Report every line in the records below that holds the word "Фото".

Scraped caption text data
►
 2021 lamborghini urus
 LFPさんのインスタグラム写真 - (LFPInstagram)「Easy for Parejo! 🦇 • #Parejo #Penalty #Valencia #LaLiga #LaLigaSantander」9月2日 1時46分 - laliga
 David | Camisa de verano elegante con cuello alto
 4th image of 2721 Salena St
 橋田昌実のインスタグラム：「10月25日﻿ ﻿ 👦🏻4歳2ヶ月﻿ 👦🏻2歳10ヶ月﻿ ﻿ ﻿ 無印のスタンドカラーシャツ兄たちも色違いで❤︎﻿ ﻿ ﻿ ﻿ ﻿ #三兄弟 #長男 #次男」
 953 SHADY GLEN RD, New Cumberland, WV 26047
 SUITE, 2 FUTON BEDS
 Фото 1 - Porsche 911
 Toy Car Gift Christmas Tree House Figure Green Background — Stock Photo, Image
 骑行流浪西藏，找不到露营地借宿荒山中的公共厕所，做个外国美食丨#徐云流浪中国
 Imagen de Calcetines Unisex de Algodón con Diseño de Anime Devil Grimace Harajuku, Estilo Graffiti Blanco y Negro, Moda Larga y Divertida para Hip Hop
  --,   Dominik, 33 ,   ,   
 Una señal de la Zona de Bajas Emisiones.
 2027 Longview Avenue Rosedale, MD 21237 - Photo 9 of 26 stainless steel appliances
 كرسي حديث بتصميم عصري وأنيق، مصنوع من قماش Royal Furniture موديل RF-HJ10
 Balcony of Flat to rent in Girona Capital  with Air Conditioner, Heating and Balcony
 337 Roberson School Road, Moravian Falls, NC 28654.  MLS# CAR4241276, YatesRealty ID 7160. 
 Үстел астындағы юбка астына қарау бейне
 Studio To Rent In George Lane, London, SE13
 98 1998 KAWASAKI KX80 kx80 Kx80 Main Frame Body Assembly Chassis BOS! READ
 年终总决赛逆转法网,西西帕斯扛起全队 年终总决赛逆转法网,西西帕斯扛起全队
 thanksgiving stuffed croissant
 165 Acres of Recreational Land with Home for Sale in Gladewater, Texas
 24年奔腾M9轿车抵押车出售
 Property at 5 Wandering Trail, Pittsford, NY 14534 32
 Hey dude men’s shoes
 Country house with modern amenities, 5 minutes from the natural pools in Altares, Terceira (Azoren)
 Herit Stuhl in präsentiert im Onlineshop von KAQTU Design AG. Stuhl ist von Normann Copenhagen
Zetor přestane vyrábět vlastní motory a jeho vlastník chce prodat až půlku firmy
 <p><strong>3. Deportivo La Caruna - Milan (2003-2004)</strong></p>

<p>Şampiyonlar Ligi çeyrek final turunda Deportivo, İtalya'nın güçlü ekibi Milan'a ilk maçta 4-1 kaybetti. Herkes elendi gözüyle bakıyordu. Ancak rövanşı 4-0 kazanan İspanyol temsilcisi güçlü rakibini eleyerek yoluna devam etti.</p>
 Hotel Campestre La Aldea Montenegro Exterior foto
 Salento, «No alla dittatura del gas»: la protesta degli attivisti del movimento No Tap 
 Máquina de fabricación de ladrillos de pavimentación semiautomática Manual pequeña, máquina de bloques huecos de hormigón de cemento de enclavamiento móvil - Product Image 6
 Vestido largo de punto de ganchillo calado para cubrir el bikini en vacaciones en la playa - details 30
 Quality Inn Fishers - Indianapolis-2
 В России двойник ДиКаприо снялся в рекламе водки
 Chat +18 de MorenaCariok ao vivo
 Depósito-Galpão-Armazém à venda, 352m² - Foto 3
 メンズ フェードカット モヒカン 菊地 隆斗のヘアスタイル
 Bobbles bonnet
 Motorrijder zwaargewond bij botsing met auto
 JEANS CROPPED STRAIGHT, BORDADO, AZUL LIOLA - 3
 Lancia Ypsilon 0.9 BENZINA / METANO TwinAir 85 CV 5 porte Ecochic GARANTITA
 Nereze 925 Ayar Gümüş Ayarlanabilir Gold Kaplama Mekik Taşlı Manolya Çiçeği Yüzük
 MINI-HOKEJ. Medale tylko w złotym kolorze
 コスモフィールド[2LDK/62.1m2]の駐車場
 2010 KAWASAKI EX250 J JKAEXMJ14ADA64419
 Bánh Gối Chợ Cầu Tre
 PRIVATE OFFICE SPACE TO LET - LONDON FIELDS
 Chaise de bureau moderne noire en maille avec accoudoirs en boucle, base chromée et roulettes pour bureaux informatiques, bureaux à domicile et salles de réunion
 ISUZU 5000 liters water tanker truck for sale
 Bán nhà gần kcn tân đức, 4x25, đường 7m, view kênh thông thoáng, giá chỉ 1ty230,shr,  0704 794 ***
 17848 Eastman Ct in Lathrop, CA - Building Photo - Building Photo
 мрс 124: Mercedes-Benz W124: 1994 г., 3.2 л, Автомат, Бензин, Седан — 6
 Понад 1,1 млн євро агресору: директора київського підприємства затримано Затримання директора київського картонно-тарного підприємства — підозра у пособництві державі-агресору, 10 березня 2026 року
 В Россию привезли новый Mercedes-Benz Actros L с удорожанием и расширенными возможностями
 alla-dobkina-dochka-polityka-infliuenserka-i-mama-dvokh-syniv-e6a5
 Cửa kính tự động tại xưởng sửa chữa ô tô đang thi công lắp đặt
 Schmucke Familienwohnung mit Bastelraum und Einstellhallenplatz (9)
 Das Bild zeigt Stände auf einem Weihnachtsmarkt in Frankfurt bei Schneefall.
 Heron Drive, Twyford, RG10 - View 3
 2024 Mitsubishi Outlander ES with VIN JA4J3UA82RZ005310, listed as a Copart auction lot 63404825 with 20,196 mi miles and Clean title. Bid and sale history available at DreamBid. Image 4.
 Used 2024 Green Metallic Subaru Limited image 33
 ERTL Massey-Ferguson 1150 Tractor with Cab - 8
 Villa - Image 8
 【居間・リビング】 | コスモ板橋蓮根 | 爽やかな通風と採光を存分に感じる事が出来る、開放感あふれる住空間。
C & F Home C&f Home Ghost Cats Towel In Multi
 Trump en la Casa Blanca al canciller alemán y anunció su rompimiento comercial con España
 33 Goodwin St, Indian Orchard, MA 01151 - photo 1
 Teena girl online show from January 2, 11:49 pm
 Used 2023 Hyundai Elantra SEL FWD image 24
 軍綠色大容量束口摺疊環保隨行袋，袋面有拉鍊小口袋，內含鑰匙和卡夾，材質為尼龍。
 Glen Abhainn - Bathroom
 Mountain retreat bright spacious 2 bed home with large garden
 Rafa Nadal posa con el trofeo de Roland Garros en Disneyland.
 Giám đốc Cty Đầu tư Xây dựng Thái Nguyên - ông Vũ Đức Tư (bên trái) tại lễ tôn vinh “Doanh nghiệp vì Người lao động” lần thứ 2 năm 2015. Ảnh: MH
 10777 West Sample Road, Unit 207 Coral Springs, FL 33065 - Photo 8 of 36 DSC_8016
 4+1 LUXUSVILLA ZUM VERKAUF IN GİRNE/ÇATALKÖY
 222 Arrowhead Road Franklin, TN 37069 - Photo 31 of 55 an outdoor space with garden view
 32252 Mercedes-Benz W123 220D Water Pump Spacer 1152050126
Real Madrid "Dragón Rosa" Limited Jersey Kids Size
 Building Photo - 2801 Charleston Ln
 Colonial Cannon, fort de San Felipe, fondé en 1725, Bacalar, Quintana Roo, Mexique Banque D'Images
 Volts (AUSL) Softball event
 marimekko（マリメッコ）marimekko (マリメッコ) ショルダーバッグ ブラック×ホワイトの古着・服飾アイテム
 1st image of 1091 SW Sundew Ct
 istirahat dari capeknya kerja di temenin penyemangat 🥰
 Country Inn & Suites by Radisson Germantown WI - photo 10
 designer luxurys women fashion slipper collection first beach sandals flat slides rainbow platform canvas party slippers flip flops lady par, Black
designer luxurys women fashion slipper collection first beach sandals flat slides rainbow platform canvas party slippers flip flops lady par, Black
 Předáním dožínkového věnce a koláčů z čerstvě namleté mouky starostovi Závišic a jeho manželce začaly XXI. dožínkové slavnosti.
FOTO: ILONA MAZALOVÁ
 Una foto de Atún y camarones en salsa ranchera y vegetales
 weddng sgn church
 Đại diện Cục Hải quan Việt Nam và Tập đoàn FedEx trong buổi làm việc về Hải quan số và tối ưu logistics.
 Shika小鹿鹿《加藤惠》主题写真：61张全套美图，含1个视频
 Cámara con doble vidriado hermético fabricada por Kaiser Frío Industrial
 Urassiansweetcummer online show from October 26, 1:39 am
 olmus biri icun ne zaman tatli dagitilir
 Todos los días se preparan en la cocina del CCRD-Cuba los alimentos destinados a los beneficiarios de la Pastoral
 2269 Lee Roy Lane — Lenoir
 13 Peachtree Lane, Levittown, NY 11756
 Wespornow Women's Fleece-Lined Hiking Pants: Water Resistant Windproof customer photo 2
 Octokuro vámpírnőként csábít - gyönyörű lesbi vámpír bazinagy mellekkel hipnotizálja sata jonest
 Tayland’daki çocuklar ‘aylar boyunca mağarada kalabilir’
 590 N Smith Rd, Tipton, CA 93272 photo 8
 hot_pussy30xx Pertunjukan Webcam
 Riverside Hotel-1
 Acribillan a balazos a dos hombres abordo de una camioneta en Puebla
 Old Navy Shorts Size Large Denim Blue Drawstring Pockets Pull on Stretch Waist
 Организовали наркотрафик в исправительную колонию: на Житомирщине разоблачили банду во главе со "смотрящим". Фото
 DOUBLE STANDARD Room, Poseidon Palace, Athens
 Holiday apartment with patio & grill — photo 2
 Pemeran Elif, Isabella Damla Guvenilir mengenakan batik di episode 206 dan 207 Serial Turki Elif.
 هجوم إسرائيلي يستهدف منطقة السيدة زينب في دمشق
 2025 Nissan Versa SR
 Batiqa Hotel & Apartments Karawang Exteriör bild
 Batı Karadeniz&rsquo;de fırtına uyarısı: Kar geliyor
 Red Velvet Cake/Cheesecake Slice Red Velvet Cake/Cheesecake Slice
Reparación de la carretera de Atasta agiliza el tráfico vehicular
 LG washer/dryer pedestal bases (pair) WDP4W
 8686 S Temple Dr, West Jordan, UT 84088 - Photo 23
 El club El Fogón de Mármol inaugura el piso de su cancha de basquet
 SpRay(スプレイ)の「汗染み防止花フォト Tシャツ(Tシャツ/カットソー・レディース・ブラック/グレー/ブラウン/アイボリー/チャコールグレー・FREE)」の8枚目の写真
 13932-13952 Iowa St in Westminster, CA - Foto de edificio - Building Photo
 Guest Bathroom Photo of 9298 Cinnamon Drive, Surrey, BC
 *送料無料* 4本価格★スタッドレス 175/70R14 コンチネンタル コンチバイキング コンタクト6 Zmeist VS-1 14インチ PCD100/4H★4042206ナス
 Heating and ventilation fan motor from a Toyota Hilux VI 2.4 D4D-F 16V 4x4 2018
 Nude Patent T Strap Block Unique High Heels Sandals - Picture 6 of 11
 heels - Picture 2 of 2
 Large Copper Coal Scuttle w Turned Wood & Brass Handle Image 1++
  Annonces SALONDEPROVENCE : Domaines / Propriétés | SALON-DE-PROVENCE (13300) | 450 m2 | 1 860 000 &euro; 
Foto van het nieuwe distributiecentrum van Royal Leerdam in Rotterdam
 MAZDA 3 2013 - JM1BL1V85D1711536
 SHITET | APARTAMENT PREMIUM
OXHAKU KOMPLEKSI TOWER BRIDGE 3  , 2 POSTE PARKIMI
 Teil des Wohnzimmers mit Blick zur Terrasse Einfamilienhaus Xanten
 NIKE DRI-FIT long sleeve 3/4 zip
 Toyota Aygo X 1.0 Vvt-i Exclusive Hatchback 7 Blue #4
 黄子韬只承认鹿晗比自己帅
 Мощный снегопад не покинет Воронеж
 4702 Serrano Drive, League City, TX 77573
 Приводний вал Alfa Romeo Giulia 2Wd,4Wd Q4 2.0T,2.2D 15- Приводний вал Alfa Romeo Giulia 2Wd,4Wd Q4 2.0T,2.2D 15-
◄
> _Written reply_
 Фото 1 - Porsche 911
 Организовали наркотрафик в исправительную колонию: на Житомирщине разоблачили банду во главе со "смотрящим". Фото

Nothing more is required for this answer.